| Work instruction |
Return all of the entries below, word for word. Omit each picture.

| Working data |
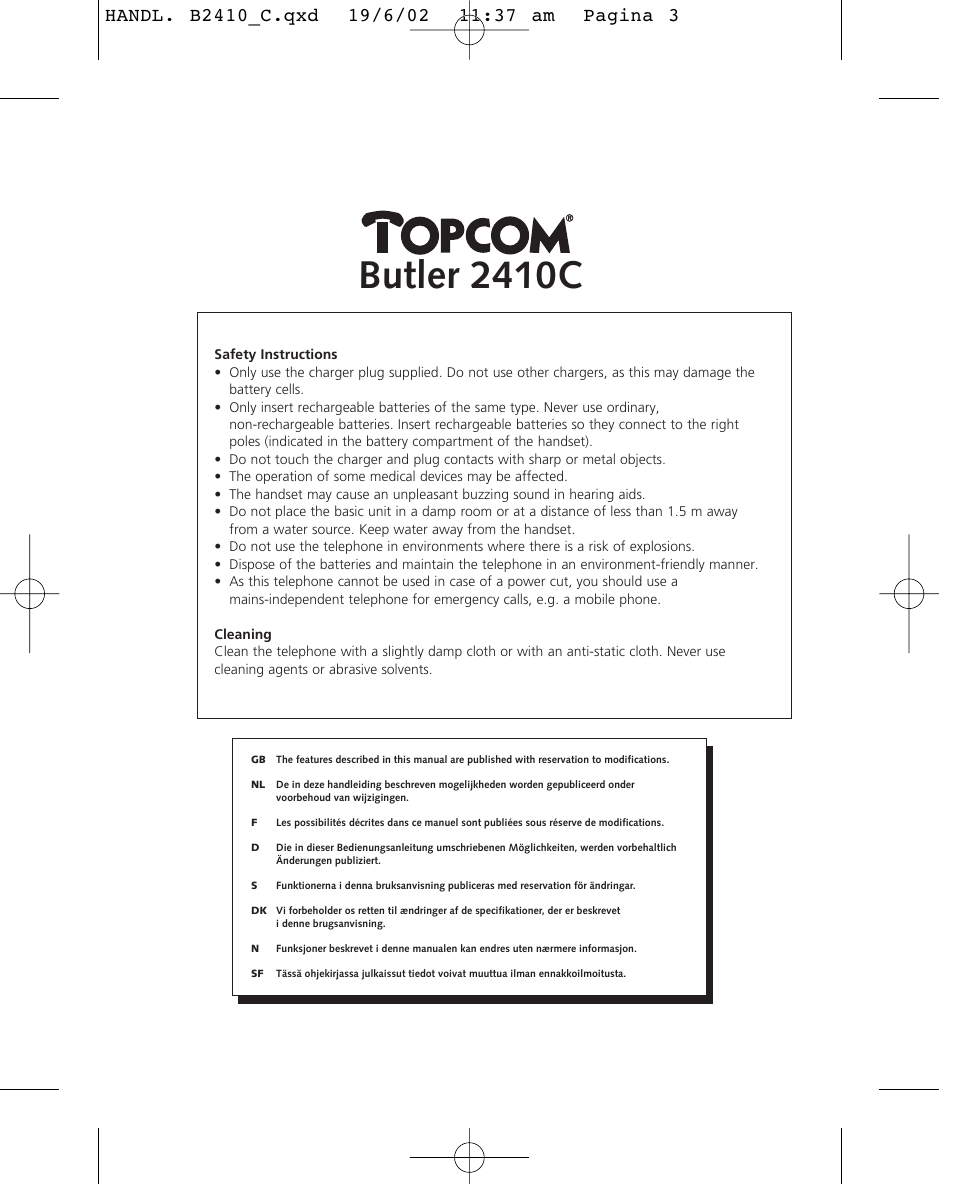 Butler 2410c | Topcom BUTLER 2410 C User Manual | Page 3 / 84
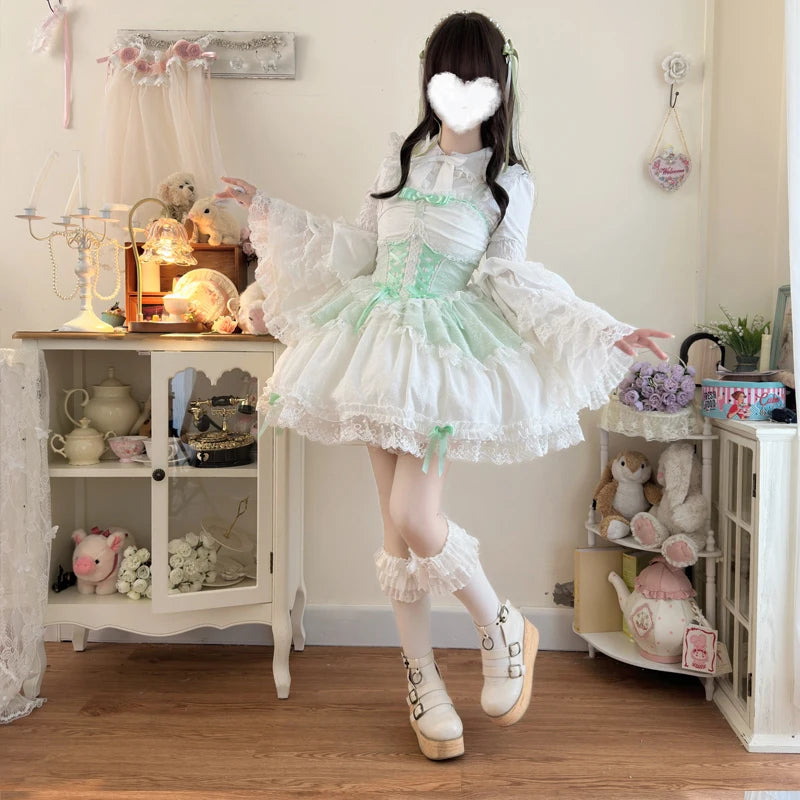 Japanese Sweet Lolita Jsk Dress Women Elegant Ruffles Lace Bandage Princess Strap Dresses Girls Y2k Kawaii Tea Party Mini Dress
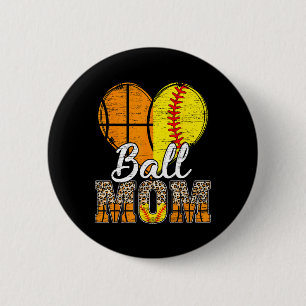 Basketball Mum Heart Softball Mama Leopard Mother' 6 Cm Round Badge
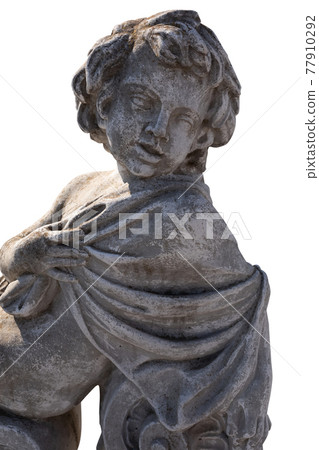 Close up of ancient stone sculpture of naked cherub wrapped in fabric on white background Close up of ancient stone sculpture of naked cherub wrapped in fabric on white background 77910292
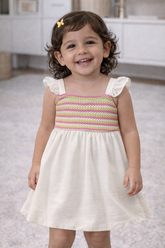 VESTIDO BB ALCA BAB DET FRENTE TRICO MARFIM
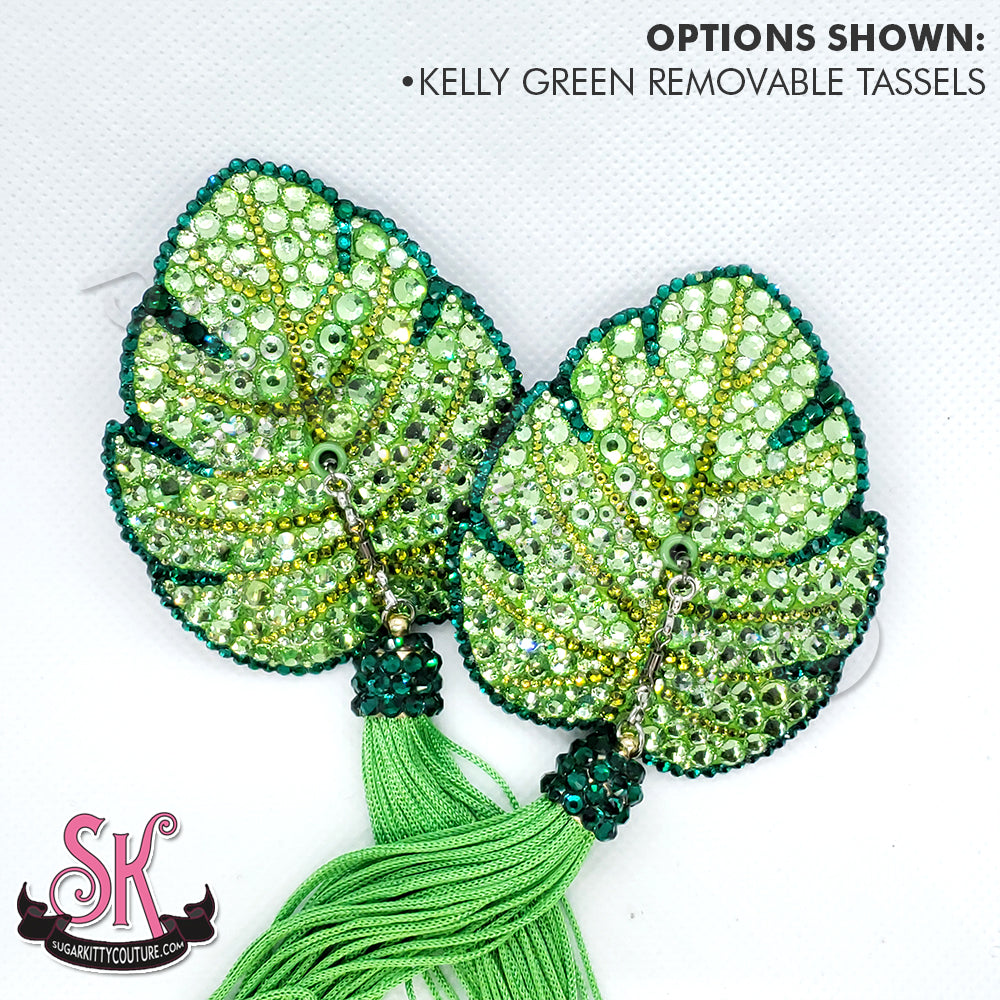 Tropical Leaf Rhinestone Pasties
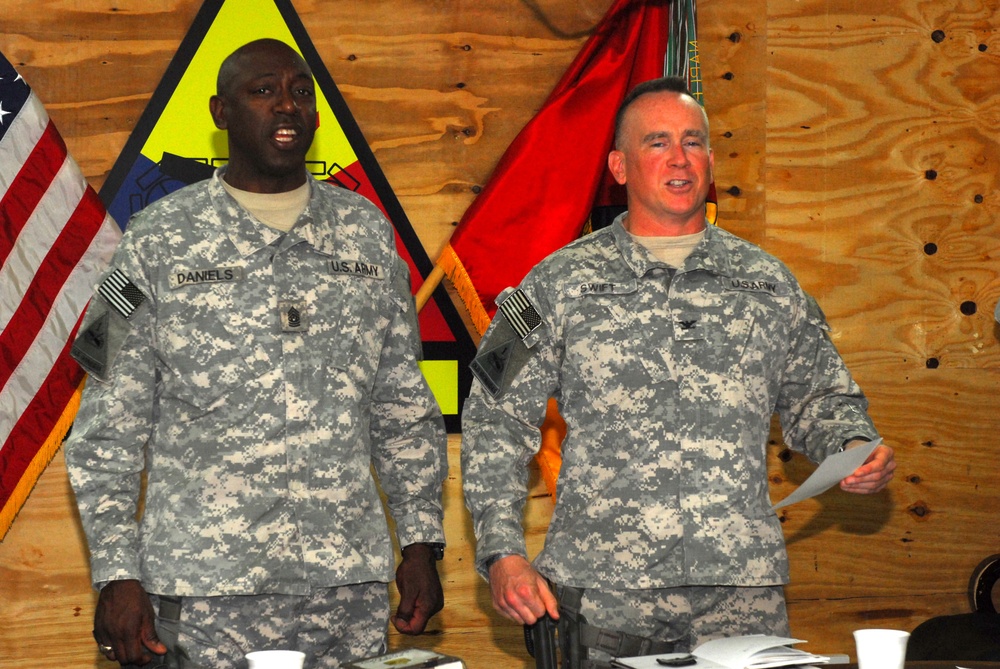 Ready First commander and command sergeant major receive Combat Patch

| Answer box |
 Butler 2410c | Topcom BUTLER 2410 C User Manual | Page 3 / 84
 Japanese Sweet Lolita Jsk Dress Women Elegant Ruffles Lace Bandage Princess Strap Dresses Girls Y2k Kawaii Tea Party Mini Dress
 Basketball Mum Heart Softball Mama Leopard Mother' 6 Cm Round Badge
 Close up of ancient stone sculpture of naked cherub wrapped in fabric on white background Close up of ancient stone sculpture of naked cherub wrapped in fabric on white background 77910292
 VESTIDO BB ALCA BAB DET FRENTE TRICO MARFIM
 Tropical Leaf Rhinestone Pasties
 Ready First commander and command sergeant major receive Combat Patch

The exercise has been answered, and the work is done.